Bachelor of Science in Industrial and Systems Engineering
With the onset of the Industrial Revolution came the need for technically trained people who could visualize, plan and organize large and complex systems. Industrial Engineering emerged as a profession to increase the efficiency and effectiveness of these operations. Since its inception, industrial and systems engineering has grown to encompass a wide variety of occupational areas including manufacturing, logistics, financial, and health care institutions.
The program of study leading to the Bachelor of Science in Industrial and Systems Engineering (BSISE) is accredited by the Engineering Accreditation Commission of ABET, http://www.abet.org.

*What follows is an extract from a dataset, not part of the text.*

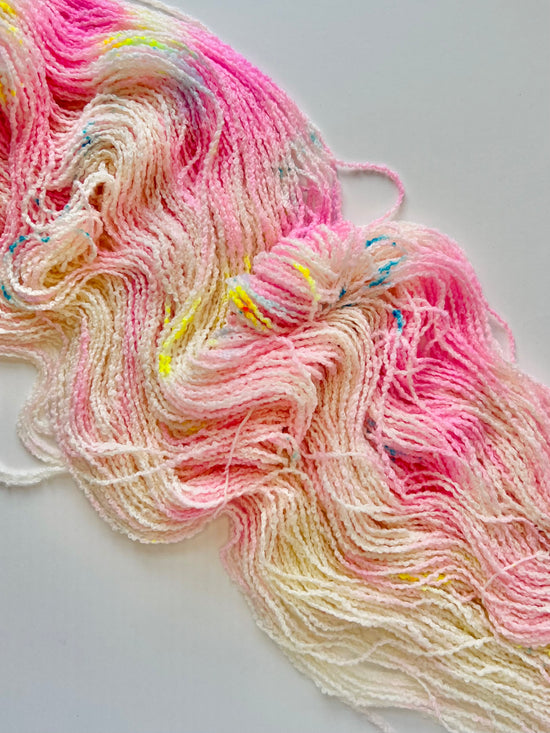 Summer Camp Fibers Hand Dyed Boucle DK - Libby's Sweater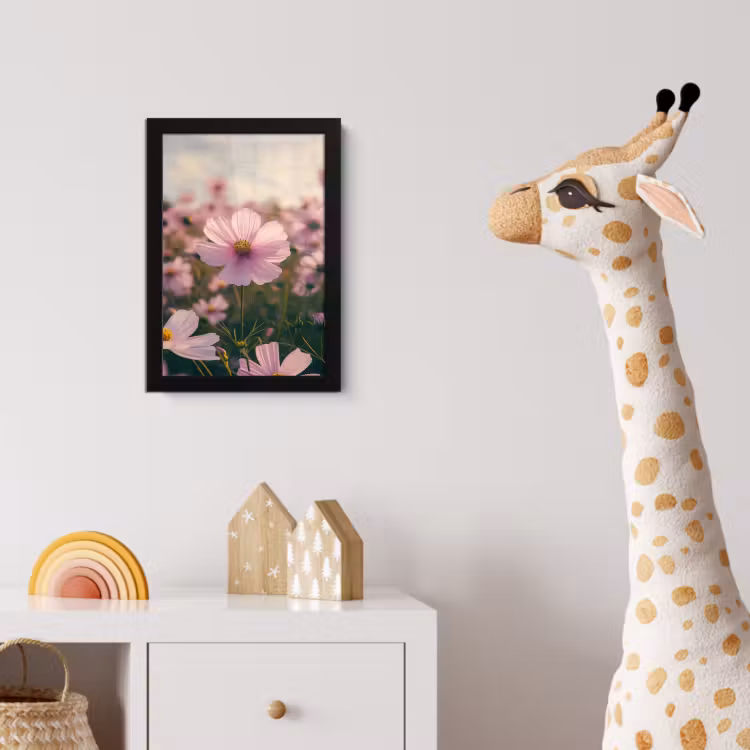 Poster met lijst - Bloemen - Paars - Wazig — 5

The mission of the BS in Industrial and Systems Engineering program is to transform the industrial and systems engineering pipeline by providing educational and research experiences relevant to societal and industry needs and enabling individual development into technically proficient, culturally competent, collaborative leaders making a positive difference for their employers, communities, and the discipline; always embracing excellence in performance and conduct.
Program Educational Objectives
The objectives of the BSISE program are to produce graduates who:
1. Apply technical and business skills based on industrial and systems engineering principles for a variety of employers in the manufacturing and service industries;
2. Apply information technology tools and systems engineering methods;
3. Lead and function in interdisciplinary, culturally and/or globally diverse teams;
4. Contribute to their communities, the profession of industrial and systems engineering, and the University; and
5. Engage in lifelong learning, including the pursuit of graduate studies.

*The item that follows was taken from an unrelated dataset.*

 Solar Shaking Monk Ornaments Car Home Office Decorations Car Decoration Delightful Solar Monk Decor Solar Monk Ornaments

The student outcomes, measured in terms of the knowledge and skills the graduates of the BSISE program are expected to demonstrate at graduation are:
a. an ability to apply knowledge of mathematics, science, and engineering*;
b. an ability to design and conduct experiments, as well as to analyze and interpret data*;
c. an ability to design a system, component, or process to meet desired needs within realistic constraints such as economic, environmental, social, political, ethical, health and safety, manufacturability, and sustainability*;
d. an ability to function on multidisciplinary teams;
e. an ability to identify, formulate, and solve engineering problems*;
f. an understanding of professional and ethical responsibility;
g. an ability to communicate effectively;
h. the broad education necessary to understand the impact of engineering solutions in a global, economic, environmental, and societal context*;
i. a recognition of the need for, and an ability to engage in life-long learning;
j. a knowledge of contemporary issues; and
k. an ability to use the techniques, skills, and modern engineering tools necessary for engineering practice*,**.

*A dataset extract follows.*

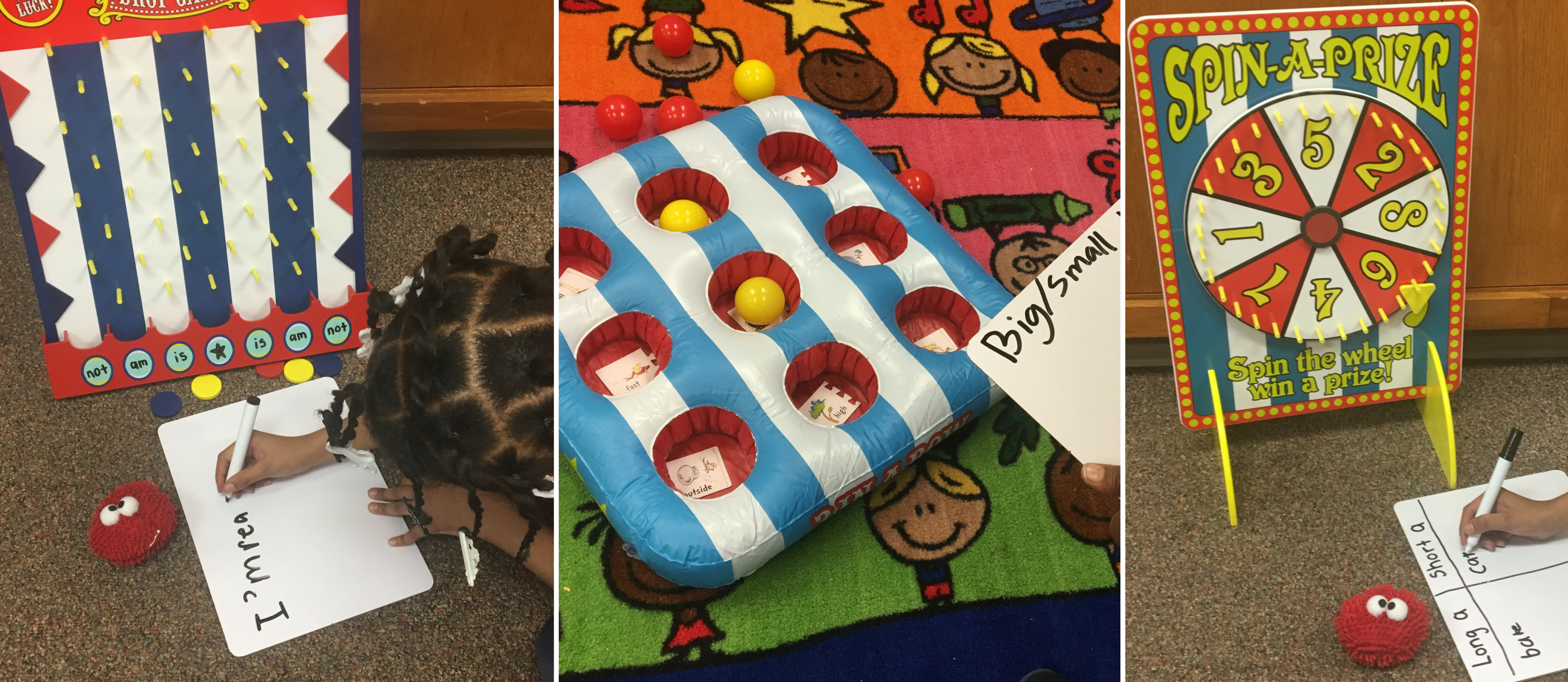 Dr. Seuss Literacy Carnival Games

* Based on the program educational objectives, the program emphasizes these outcomes to prepare graduates to design (c), develop, implement, and improve integrated systems (e) that include people, materials, information, equipment and energy using appropriate analytical (a), computational (k), and experimental (b) practices with consideration for life cycle factors (c, h).
** Based on program educational objective 2, techniques, skills or tools that are computer-based and/or associated with systems engineering are emphasized.